Understanding Int(0,infinite)[f(x)]^2dx Convergence

[eljose79]

A question ...

Let suppose we have a function f(x) so

Int(0.infinite)f(x)dx=N N finite number then my question is ..would be this f(x) a L^2(0,infinite) function so

Int(0,infinite)[f(x)]^2dx is convergent?..thanks.

 

[matt grime]

Yes, I think so.

If the infinite integral exists, then except on a set of measure zero it must be that f tends to zero, so pick T such that |f| is less than 1 for almost all x greater than T and the answer becomes clear.

 

[HallsofIvy]

Am I misreading this? The question asserts that the integral of f from 0 to infinity exists and asks if it follows that the integral of f² exists. I don't see how that implies that, except on a measure 0, f "tends" to 0. (In fact, I don't see what "tends" to means. At each point f is either 0 or it is not!)

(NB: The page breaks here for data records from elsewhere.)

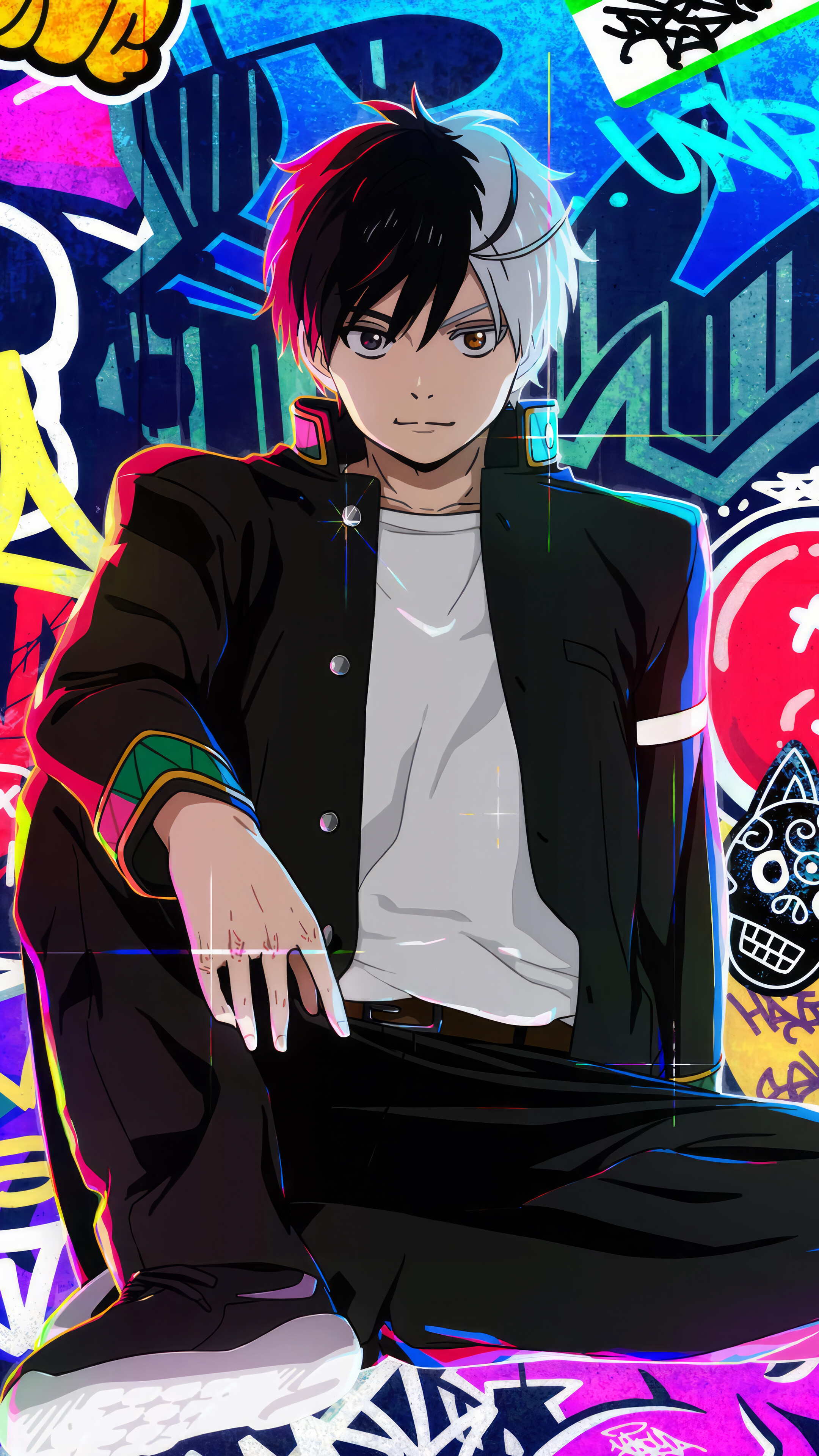 Wind Breaker Haruka Sakura 4K Wallpaper iPhone HD Phone a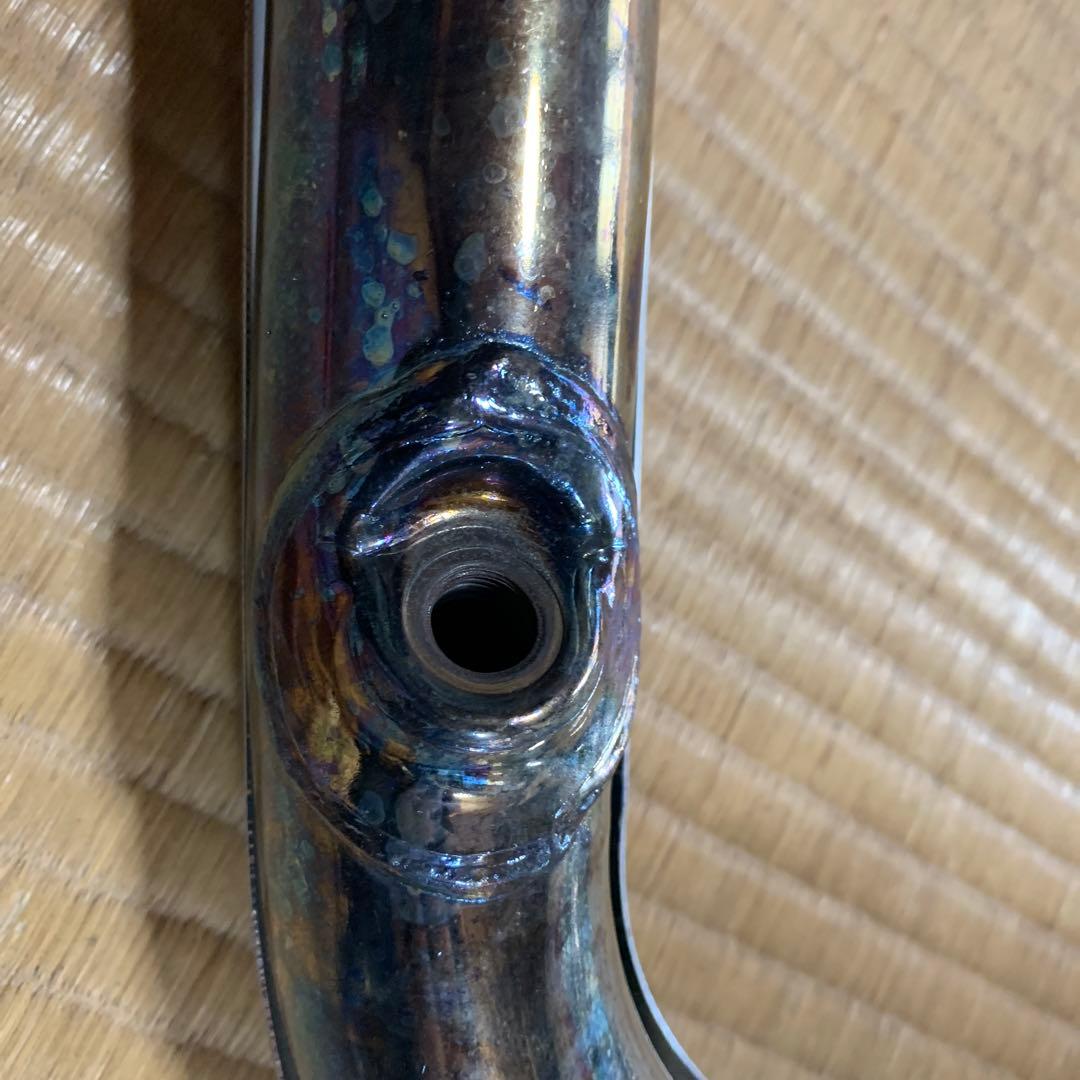 ハーレー純正マフラー(ソフテイルデラックス用)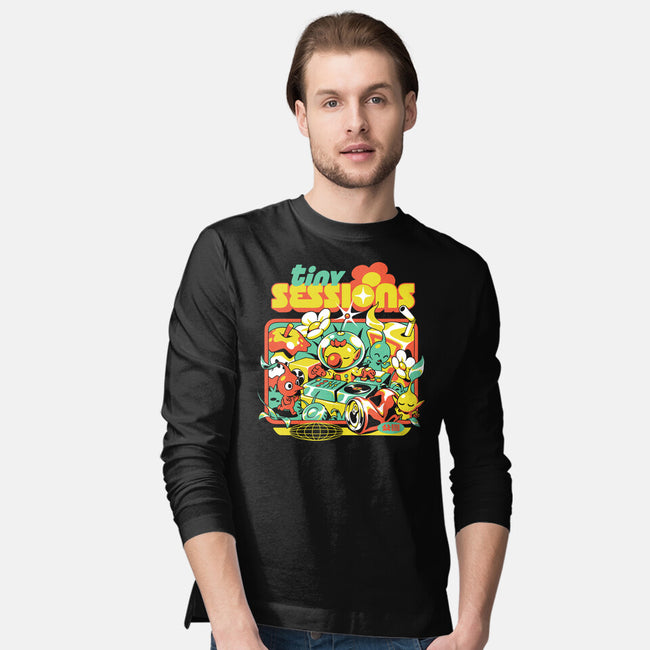 Tiny Sessions-Mens-Long Sleeved-Tee-ilustrata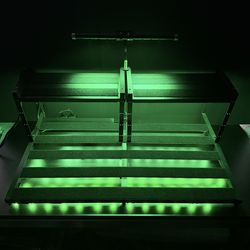 GHOSTFIRE — Pedal Board — 31.8"x15.7"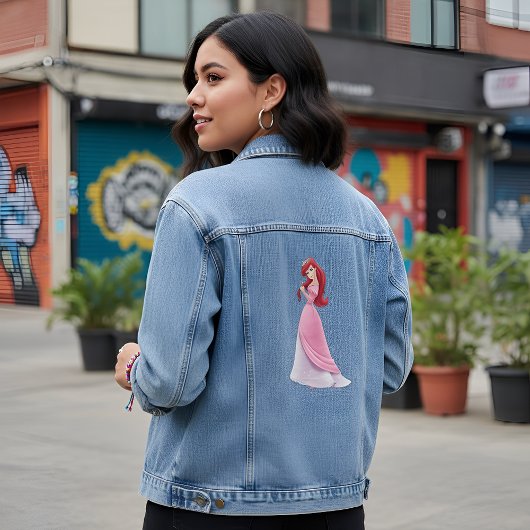 Ariel-Denimjacke Jeansjacke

What about f(x)= x^-1/2 for 0< x< 1 and f(x)= 0 for x>=1.

The integral from 0 to infinity is 2, a finite number but
f²= 1/x for 0< x< 1, 0 for x>=1 which cannot be integrated from 0 to 1.

 

[matt grime]

OK, am wrong - i was thinking of the problems of the wrong kind in the integral (an infinitely long bit such as the tail of 1/x rather than singular values). I wasn't particularly happy with it there either. I was thinking of bounded functions on R.

Tends to (in this strange sense) means that for all epsilon, there exists and R such that |f|<epsilon for all x>R except for a subset of zero measure. Ie tends to in the usual sense except that there may be a measure zero set on which there are arbitrary values, such as sin(x)/x for x not in Z and 1 for x in Z.